Visualize a business process through data serialization

Author:Murphy  |  View: 26556  |  Time: 2025-03-22 22:26:00

Sometimes, we want to visualize a business process in Power BI. This is challenging, depending on the visualization needed and when we model our data in the usual way. Let's see how we can make it happen by changing the modeling.

Photo by Lukas Blazek on Unsplash

Introduction

Our Business is made up of processes. Some are obvious, like a production process, and others are more virtual.

For example, when I want to calculate the Margin, there is a "process" to do it.

In a very simplistic way, when I take my income and subtract my expenses, what's remaining is my margin.

My current target is to visualize this process in a chart.

The chart should display the composition of the Margin as a Process. For this, I like to show the values from the Sales Amount to the Margin as a Waterfall.

Something like this Mockup, which I created in Excel:

Figure 1 – Target Visualization of the composition of my Margin (Figure by the Author)

I start with the Sales Amount, and all expenses will be deducted until I get the Margin.

There are some challenges to realizing this in Power Bi.

First, I must change my data model. Then, I can write a few Measures. Finally, I can create the visualization.

Ultimately, I will collect information about the data model and its performance to assess the quality of my approach.

Let's go through these steps.

Data Challenge

Firstly, the Standard Waterfall chart doesn't allow for the addition of multiple measures to build this chart.

At least one custom visual can do this, but it's a paid visual, and I want to go with the standard waterfall visual. The majority of my clients are reluctant to buy custom visuals.

So, I need to change how the data is stored to complete the job.

Usually, we store our data with one Value per column.

Something like this:

Figure 2 – Standard way of modeling facts (Transactions) (Figure by the Author)

I create different DAX measures to aggregate the columns to get the result.

Ultimately, I can calculate the Margin by deducing the expenditures from the Sales Amount to calculate the Margin.

However, this approach doesn't solve my problem. Therefore I need to use a different data modeling approach for the waterfall chart.

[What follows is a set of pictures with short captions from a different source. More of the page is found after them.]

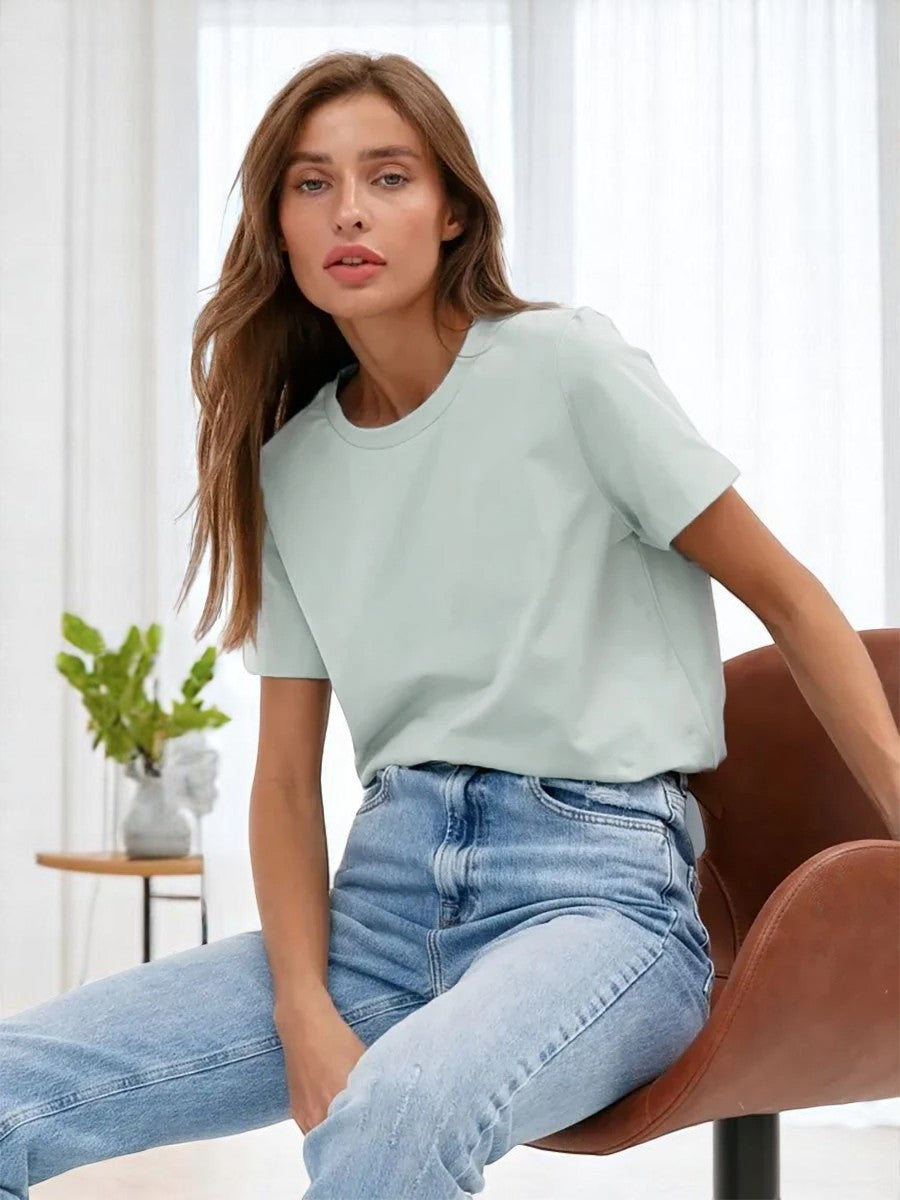 T-shirt oversize donna in cotone 100% – Basic e alla moda, manica corta, top casual, ideale per armadio in capsula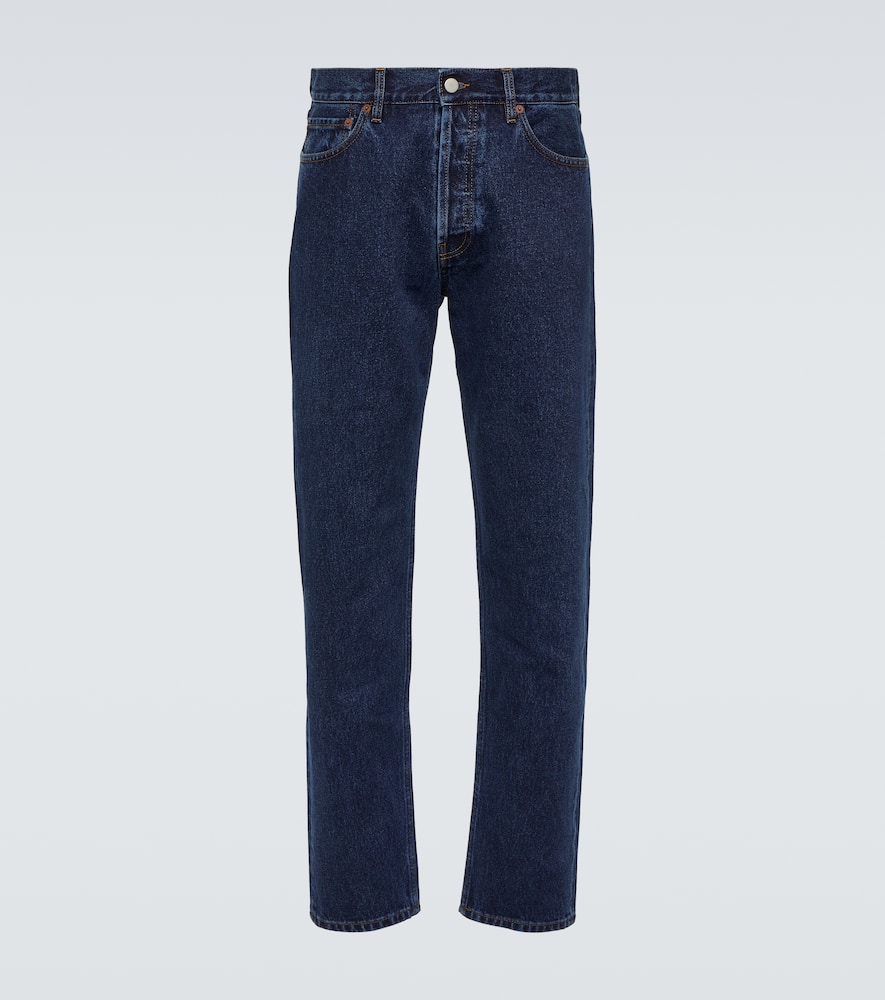 Mid-rise straight jeans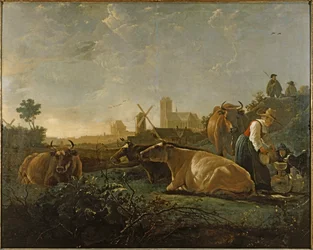 Magd und Vieh in der Nähe von Dordrecht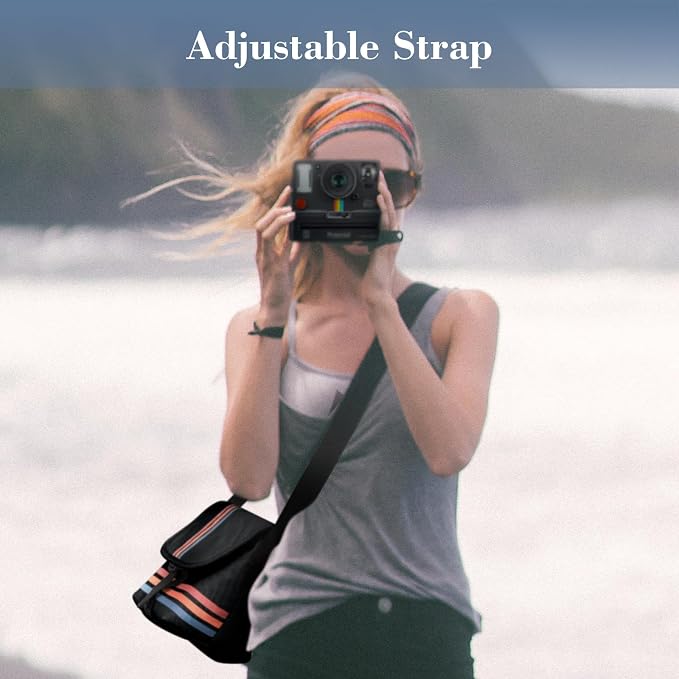 FINTIE Crossbody Camera Bag for Polaroid Now+ Generation 3/2/1 I-Type | Polaroid Originals OneStep+/Onestep 2 VF Canvas Protective Camera Case with Adjustable Strap and Inner Pocket - Image 5
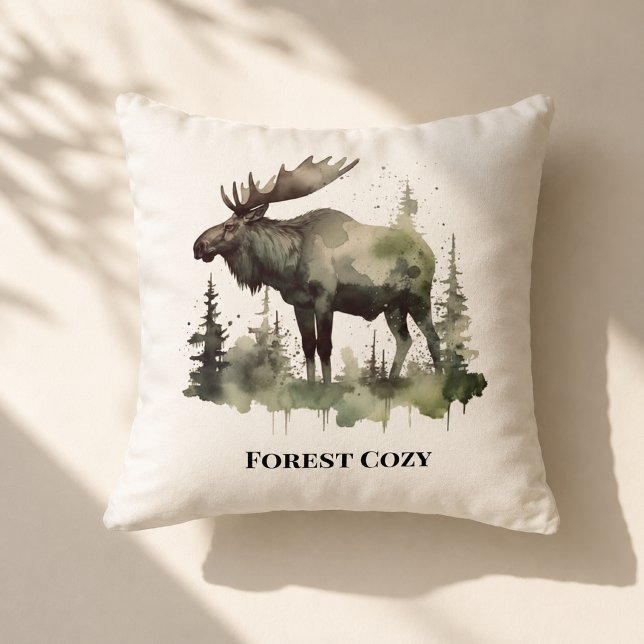 Coussin Décoration de cabane Rustic Moose Art personnalisé (Créateur téléchargé)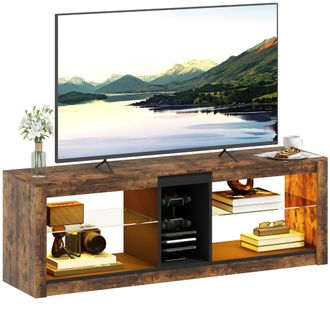 HOMCOM TV Stand - Entertainment Centre with LED Lights - Rustic Brown | TJ Hughes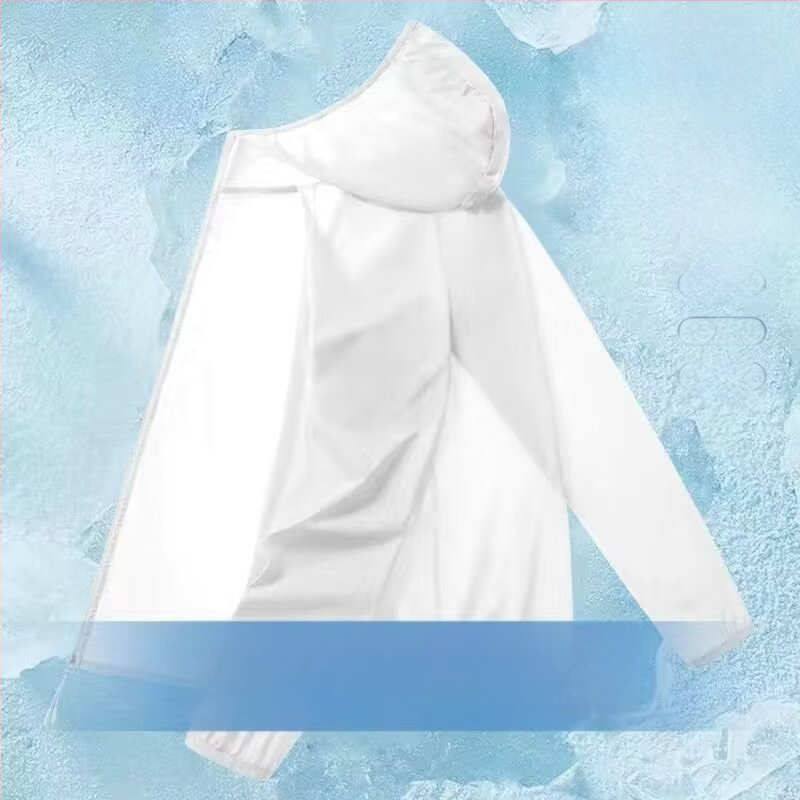 Meeste suvine hingav Ice-Silk kapuutsiga tuulejope, polüesteri segu 30-50%, vaba lõige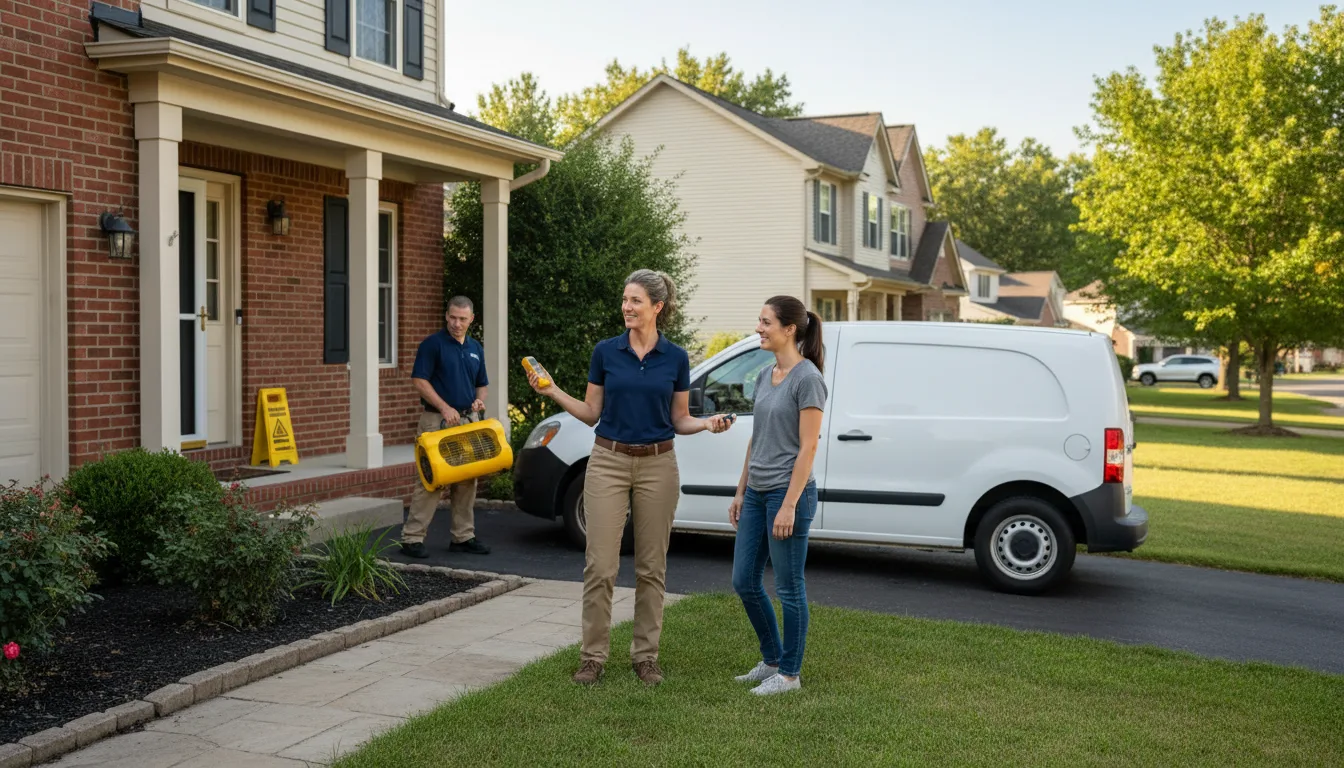 Residential water damage restoration in Edinburg, PA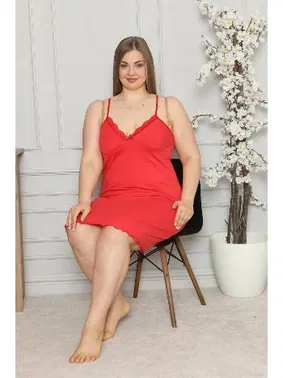 Akbeniz Pamuklu İp Askılı Büyük Beden Gecelik Akbeniz 986 - Alternatif Görünüm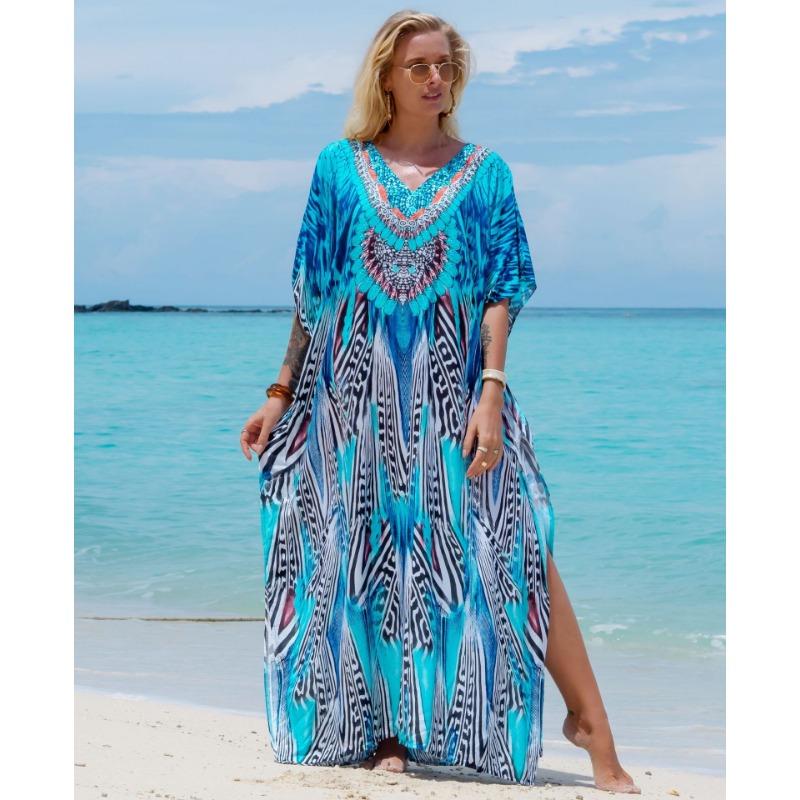 Женская мода лето весна леопардовый принт рукава 1/2 V-образный вырез свободная талия повседневные платья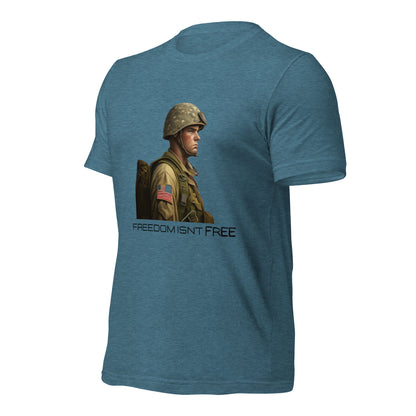 Bold soldier graphic t-shirt with patriotic message
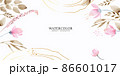 Abstract watercolor art background in pink and gold pastel colors vector. Minimal style botanical wallpaper with flowers and leaves, Watercolor organic shapes. Vector background for banner, poster 86601017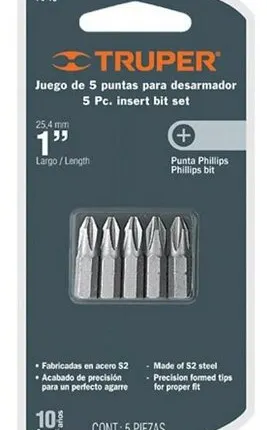 Фото №0 Набор бит PH-1 повышенной прочности Truper, 25 мм (5 штук)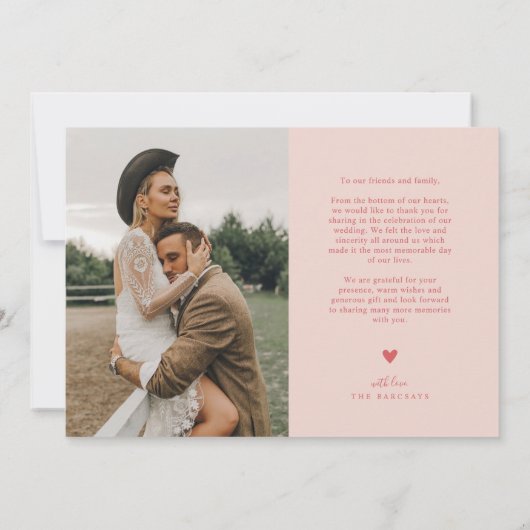 Pink Arch Wedding Bedankt Script (Achterkant)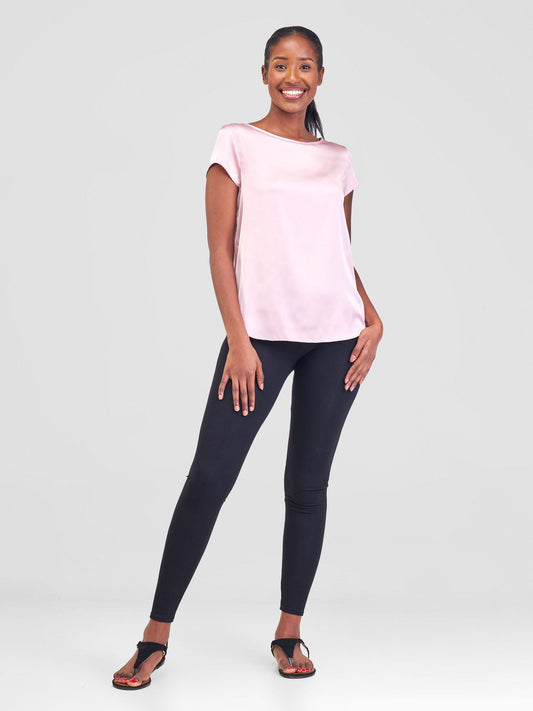 Vivo Basic Satin Cap Sleeve Top -Light Pink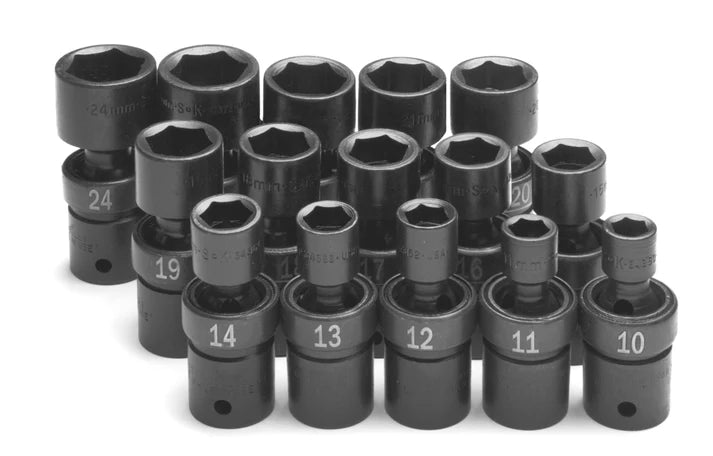 SK 15-Piece 1/2" Drive Swivel Metric Impact Socket Set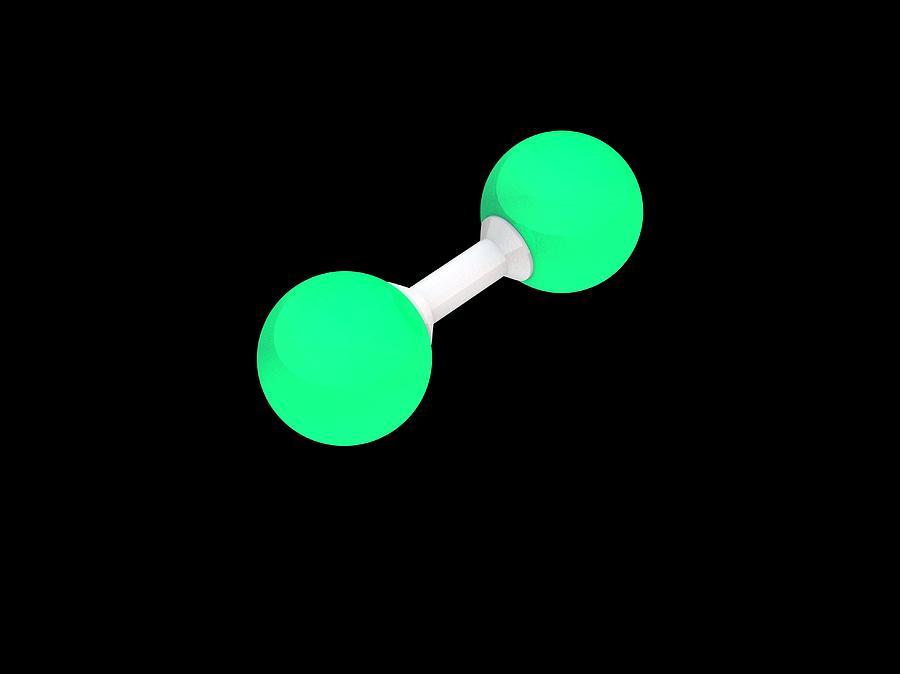 Cutout Photograph - Chlorine Molecule #2 by Mikkel Juul Jensen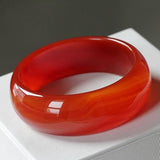 Zheru Natural Agate Chalcedony Red Bangle 54-64mm Princess Jewelry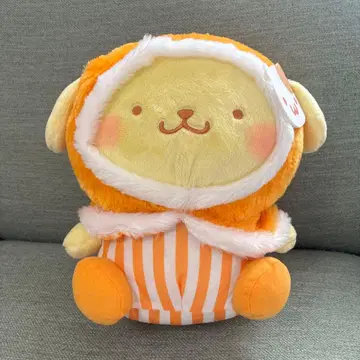 후드 부착 폼폼푸딩 봉제 인형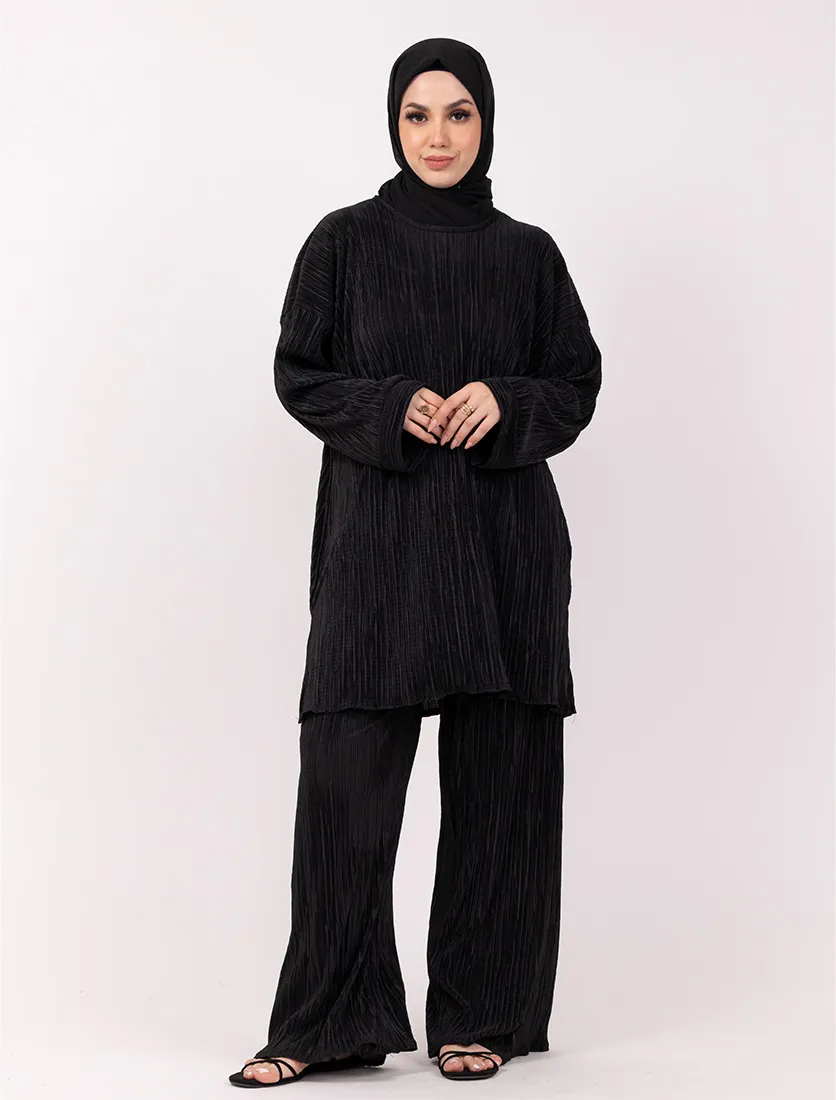 Black Midi Plisse Co Ord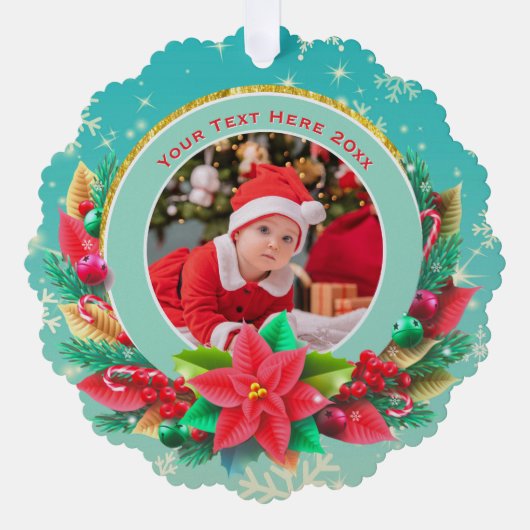Baby's Eerste Kerstmis Aangepaste Naam Foto Aanden Ornament Kaart (Voorkant)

I can add only one Measure to the visual. For the segments in the Waterfall chart, I must add a column for the categorization/segmentation of the data.

To achieve this, I must Unpivot the data to store the single Measure values vertically in one Value column. The Measure Name is stored in a separate column to contain the categorization information.

Something like this:

Figure 3 – Unpivoted (Serialized) data (Figure by the Author)

This modeling technique is called "Serialization", as the data is serialized vertically instead of horizontally.

There is still one catch: All the values are positive. However, I must turn some of them into negative values when displaying them in the waterfall chart to deduce them from the sales amount.

Moreover, the order of the Measures must be in the correct order to make sure they are not displayed in alphabetical order.

To achieve this, I create a table with my Measures like this:

Figure 4 – Measure-List table (Figure by the Author)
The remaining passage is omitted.